La madre ha deciso di donare gli organi del piccolo. Fegato, reni e cornee saranno trapiantati su cinque persone in attesa di trapianto. Il papà, calabrese d'origine, resta in gravi condizioni

"Mamma, buttami giù. Non voglio morire così piccolo". Ha chiesto lo zainetto Giuseppe, il bambino di sei anni, lanciato dalla finestra della sua casa in fiamme. Ad attenderlo, giù dal palazzo c'era la morte.

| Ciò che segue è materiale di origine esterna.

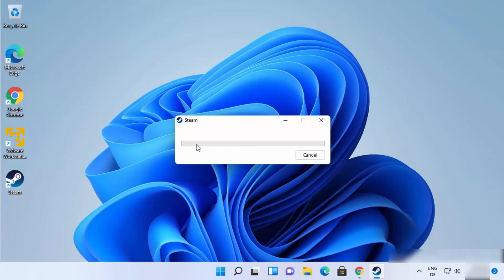Now at this point you will see that steam is going to download all the updates. So just wait for some time until all those updates are downloaded.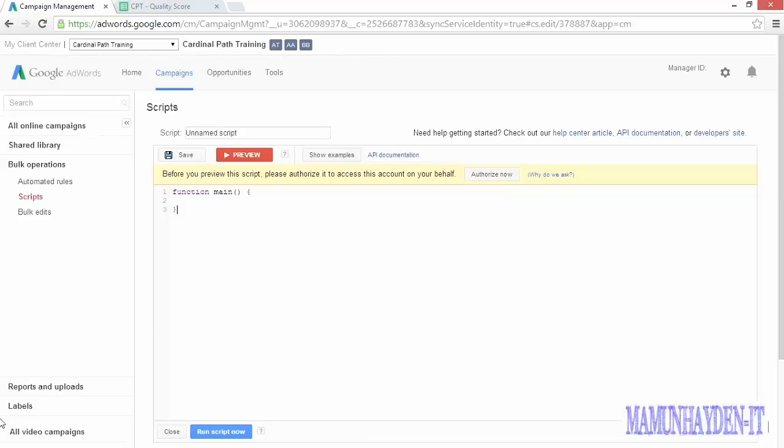Putting all this together is pretty powerful, and you can solve a wide range of problems. Generally, the things you'll do with scripts fall into a few categories. First, you can create tools to automate tasks, things like sifting through search terms reports to add new keywords, or adding the same negative keywords from campaign to campaign or account to account.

Il dramma si è consumato l'altra sera a Genova, nell'appartamento di una giovane coppia nell'ambito della quale il marito, Alessio Faietta, era originario di Verzino nel Crotonese.

La richiesta. "Quando mio figlio ha capito che eravamo in trappola - ha raccontato ieri la madre di Giuseppe distrutta dal suo letto d'ospedale - mi ha detto buttami giù, non voglio morire così piccolo. E stato davvero coraggioso". Il padre, quando ormai pensava non ci fosse più nulla da fare, ed ha ottemperato alla sua richiesta. Ora Alessio Fraietta, 49 anni, originario di Verzino, nel Crotonese, è ancora ricoverato in gravi condizioni. La moglie, invece, se l'è cavata con varie fratture agli arti, ma è fuori pericolo.

La donazione. Ieri, accertata la sua morte cerebrale, la donna  ha deciso di donare gli organi. Fegato, reni e cornee di Giuseppe sono stati impiantati a cinque giovani in attesa di trapianto. Insomma, quel bambino coraggioso ha salvato altre cinque vite.